齐王跑下城墙,躲入了节度使府中,仿佛节度使府比别的房子更高的院墙,能够给他带来更多的安全感。
韦见素身心俱铺,齐王这个样子被当日戍守城墙的士兵看到,迅速在成都城内传来了。
堂堂大唐亲王都这个样子,城内流言纷纷,都传言守卫成都的西川军要弃城逃跑了。
韦见素叹了一口气,如今成都这个样子,怕不是南诏大军再攻几日,连六月都守不到。
韦见素几次派遣斥候突围而出,向带领忠勇第一军的胡瑜求援,但是到现在城外都没出现胡瑜的军队。
今日西川军和齐王的表现也让韦见素明白,如今西川军已经彻底靠不住了。
韦见素对着手下说道:“备上礼物,我要去见杨夫人。”
杨夫人就是杨真儿了,成都人都知道这位杨真儿是忠勇军统领胡瑜的妻子,但是杨真儿对外不称呼自己为胡夫人,而是坚持自称为杨夫人。

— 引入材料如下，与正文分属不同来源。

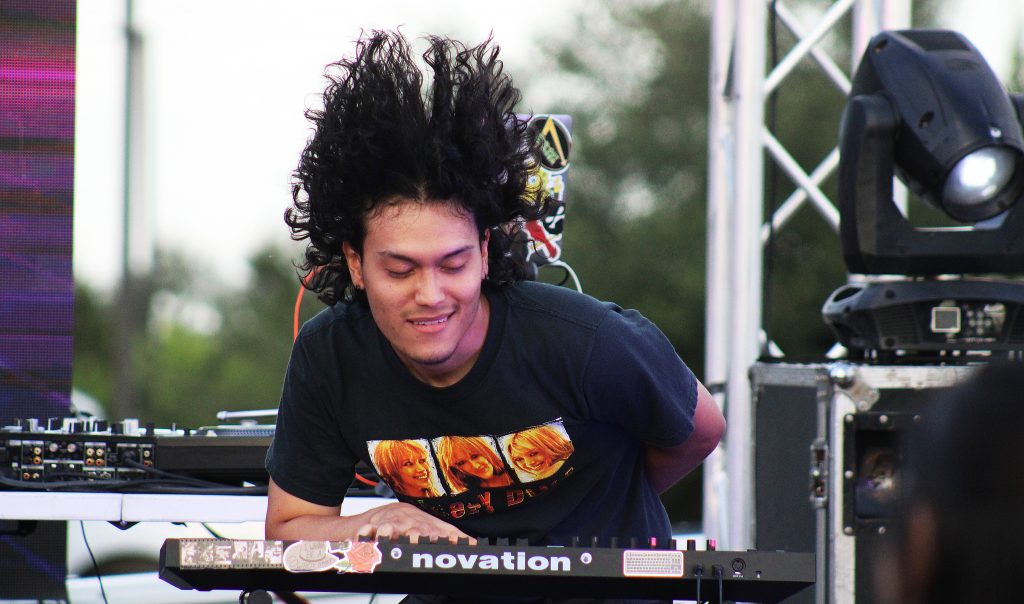 keyboardist whips his hair during performance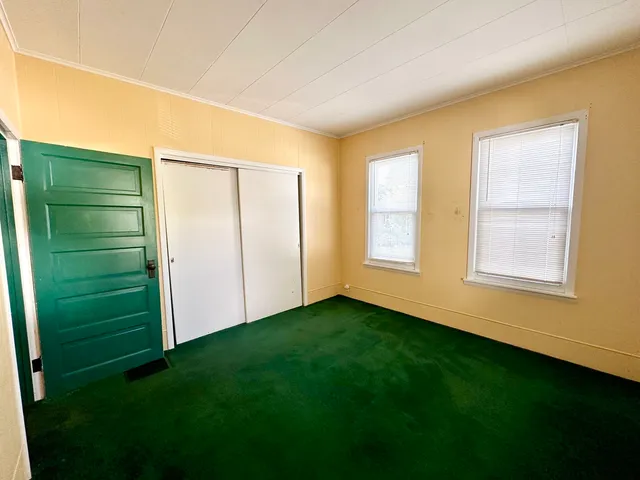 a view of an empty room with closet and a window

这杨真儿也是个奇女子,一个人操持赛马场这么大的产业,如今忠勇军的赛马场还是成都城内最厉害的赛马场,在南诏军队进攻成都城之前,蜀中富庶商人都会云集成都,去赛马场中豪掷千金。
除了赛马场之外,杨真儿在成都城内也有豪富的名声。
她曾经在赛马场贴出告示,只要有人能提出让她眼前一亮的经商想法,她就会立刻投资万钱。
蜀中那些有想法没门路的商贾,找到杨真儿之后详谈了一会儿,真的能够拿到杨真儿的万钱投资。
而最神奇的是杨真儿投资的商贾去做生意,竟然基本上都有所盈利,据说杨真儿这段日子的分红已经收回了投资,甚至还有的赚。
杨真儿又一一拜访那些蜀中的大家族,让他们将钱交给自己“理财”,杨真儿承诺一成的利息,成功的将这些大家族都绑上了她的产业中,如今想要在成都城内做生意,杨真儿是怎么都绕不过的存在。
这段时间南诏兵围成都,不少城中富人出逃,杨真儿又购买下了一整条街,她雄心勃勃的将这条街命名为“太古里”,准备等成都之围解了之后,将这里打造成一条商业街。
就在这个时候,有下人通报西川节度使韦见素来访。
“韦见素这老狐狸还是先撑不住了。”杨真儿嘴角露出笑容,节度使有守土之责,要真的成都城破了,齐王可以跑,城中富户可以跑,甚至西川军都可以跑,唯独韦见素这个西川节度使是不能跑的。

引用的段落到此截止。